Your goal
Line by line, repeat the material below exactly and skip the images.

Information shown
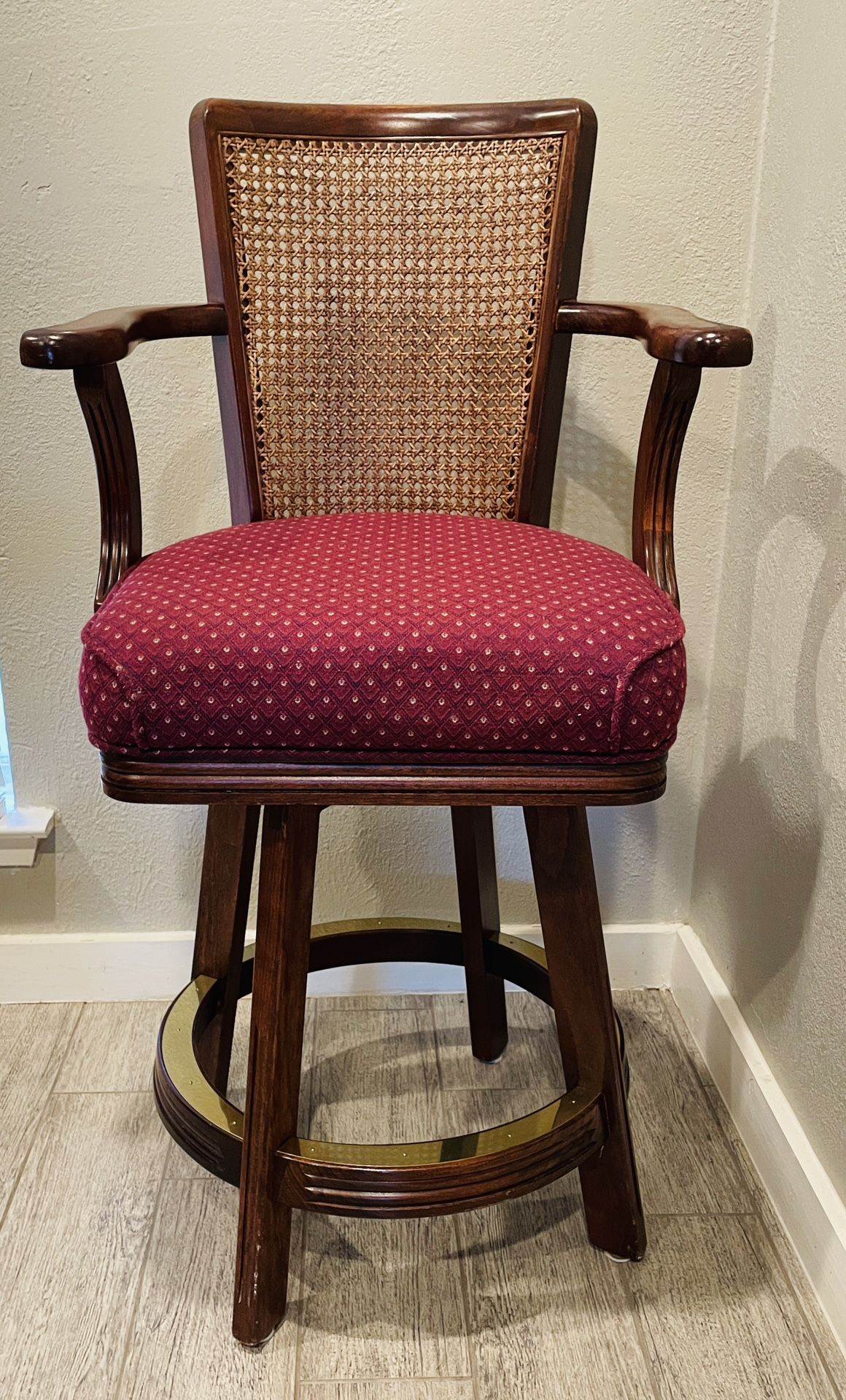 Wood Swivel Bar Stool with Arms – 26” Seat Height Sturdy bar stool with cane back, red cushion, and swivel design.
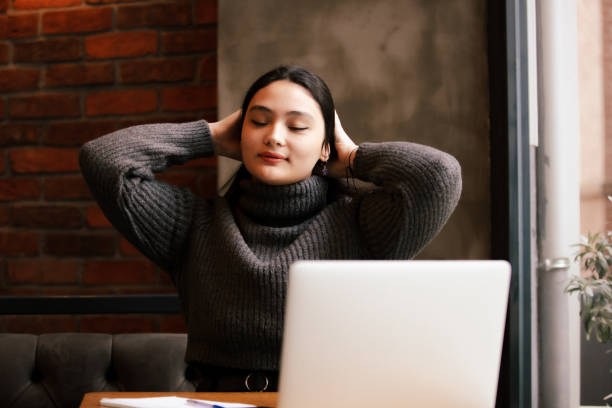 istock Young girl is studying at cafe. 1838160581
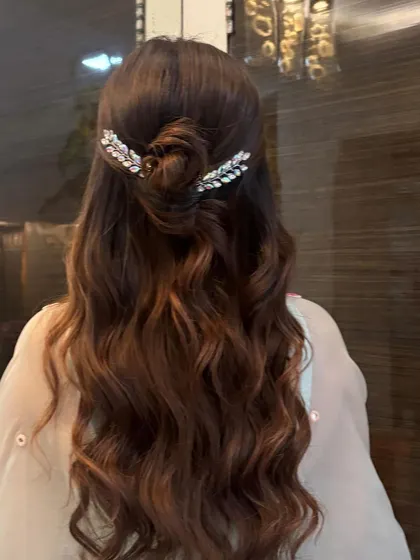Another angle of the half-up bun, showing the texture of the waves and the shine of the hair.
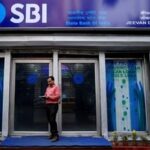 A man checks his mobile phones in front of a State Bank of India (SBI) branch in Kolkata, India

Expected output
 Wood Swivel Bar Stool with Arms – 26” Seat Height Sturdy bar stool with cane back, red cushion, and swivel design.
 istock Young girl is studying at cafe. 1838160581
Another angle of the half-up bun, showing the texture of the waves and the shine of the hair.
 A man checks his mobile phones in front of a State Bank of India (SBI) branch in Kolkata, India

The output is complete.